TRY IT:
With the images removed, return every line below exactly as it reads.

DATASET EXTRACT:
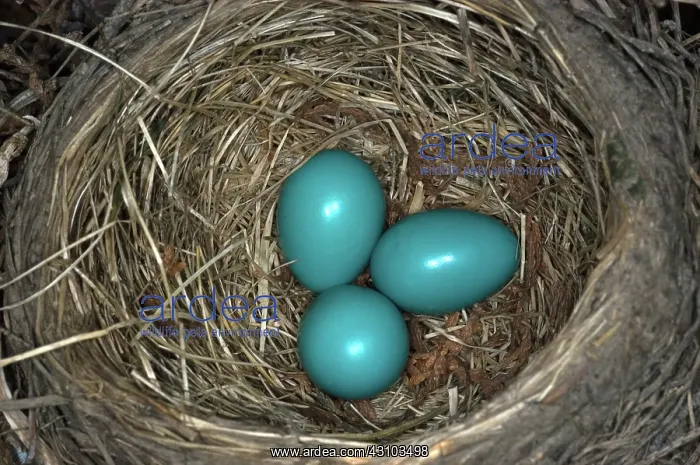 : Robin nest : Robin nest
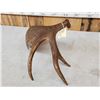 Image 6 : 4.5 Lbs Self Standing Alaskan Moose Shed Antler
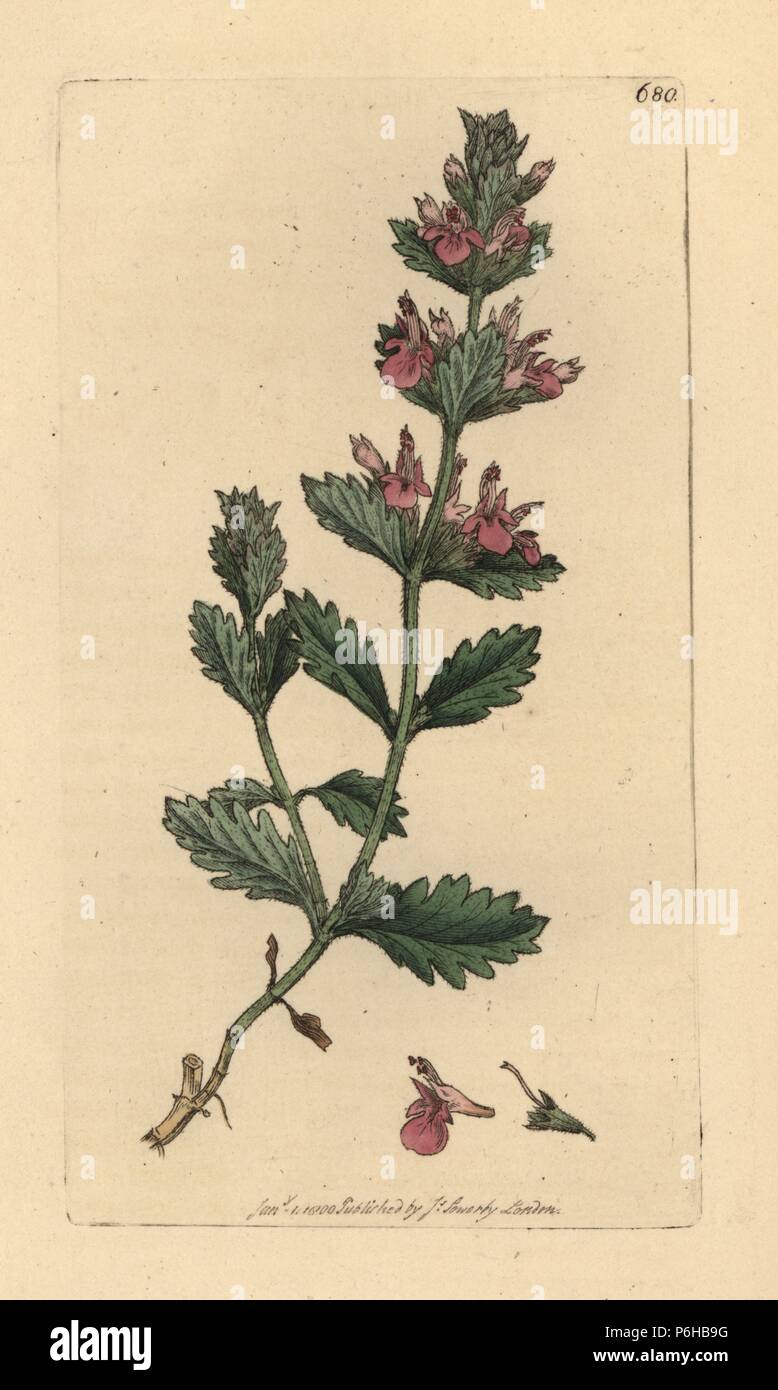 Wall germander, Teucrium chamaedrys. Handcoloured copperplate engraving after a drawing by James Sowerby for James Smith's English Botany, 1800. Stock Photo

ANSWER AREA:
 : Robin nest : Robin nest
 Image 6 : 4.5 Lbs Self Standing Alaskan Moose Shed Antler
 Wall germander, Teucrium chamaedrys. Handcoloured copperplate engraving after a drawing by James Sowerby for James Smith's English Botany, 1800. Stock Photo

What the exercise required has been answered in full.